Every gate should have a fallback gate as its partner: a defined behavior for what happens when the gate fires and authorization is not granted. A system that encounters a gate violation and has no fallback improvises. Improvised behavior in edge cases is where unexpected failures originate.
Underneath the gate taxonomy is a trust boundary specification: what the system can do, for whom, under what conditions, and with what consequence ceiling. This is an architectural artifact, not a policy document. It specifies scope by both positive enumeration (what the system is authorized to do) and negative enumeration (what it is explicitly not authorized to do). Positive-only scope specifications have the implicit-permission failure mode: anything not enumerated is implicitly allowed. A complete trust boundary specification requires both.
What This Looks Like in Practice
Take the same enterprise email agent. Policy version: the system prompt includes “do not send external communications without user approval.” Architecture version: the email tool is gated. Not instructed. Gated.
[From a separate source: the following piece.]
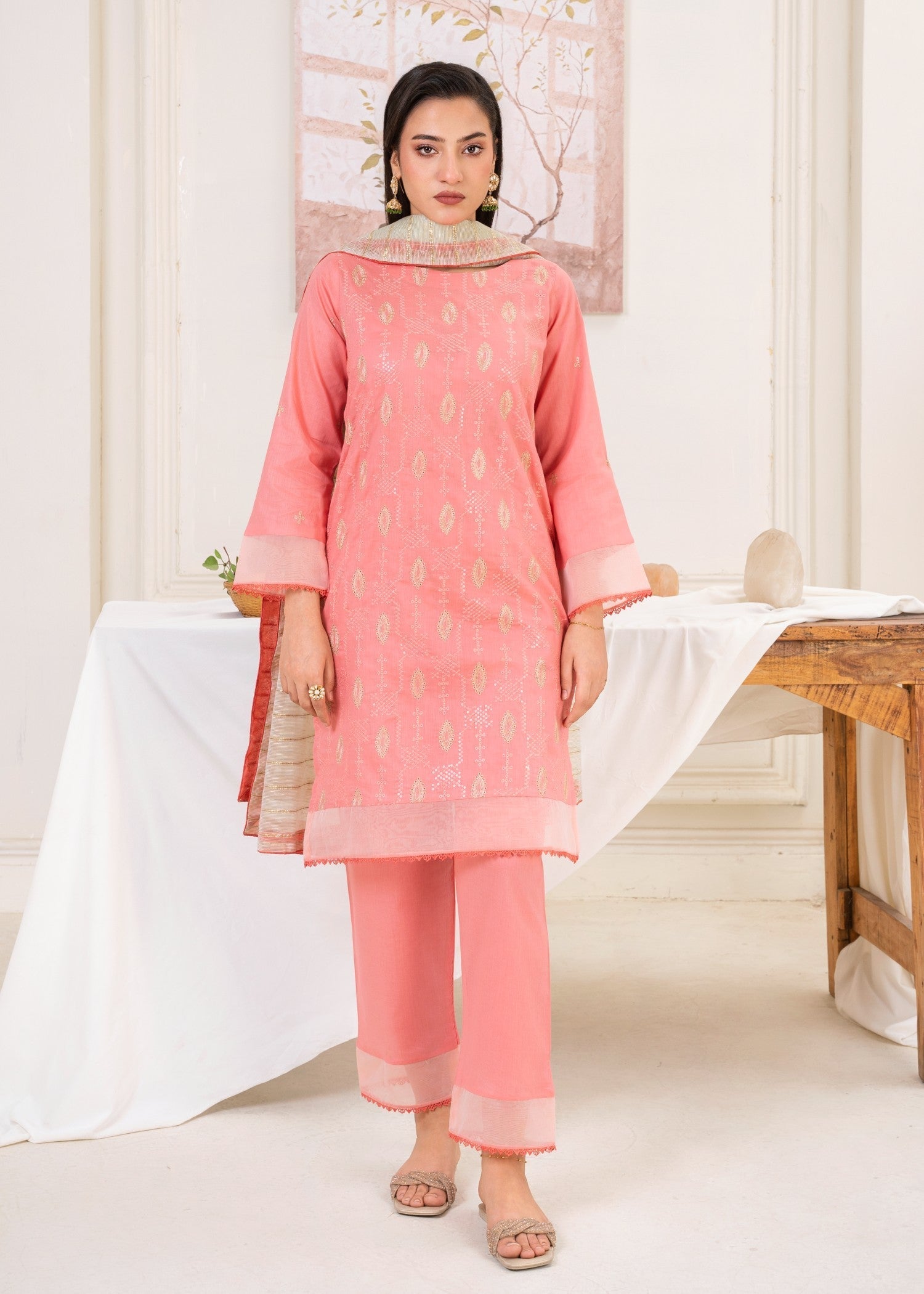 Gulle Eida Rooh e Gull Women 3pcs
When the system attempts to call the send-email tool, the tool itself requires an authorization token. The token is issued only through a defined approval flow: a summary of the draft, the recipient, the task context, and a two-option interface (send, cancel). The model cannot call send without the token. The model reasoning about whether the user implicitly approved is irrelevant. The token is either present or absent.
If the approval is denied, the system routes to a fallback: the draft is saved to the user’s workspace, a notification surfaces the blocked state, and the task terminates cleanly. The human saw the request and said no. The system stopped. No improvisation.
The difference between the two versions is not the model’s values. It is whether the constraint lives in a prompt the model interprets or in a gate the architecture enforces.
What Remains Hard
Structural enforcement degrades under production conditions in ways that are predictable but rarely designed for before deployment.
Alert fatigue reduces per-review attention when approval volume is high. Rubber-stamping develops when denying an approval is harder than approving it. Context loss increases as system complexity grows and approvers can only evaluate summaries rather than full decision context. Queue pressure overrides scrutiny when clearing approvals becomes the operational metric.
None of these are fixable at the level of the gate design alone. They require interface design for the judgment layer: approvals that surface relevant context, denial paths that resolve cleanly, gate calibration that keeps hard gates rare enough to sustain scrutiny. The requirement names the mechanism. Designing for these failure modes builds the one that actually works.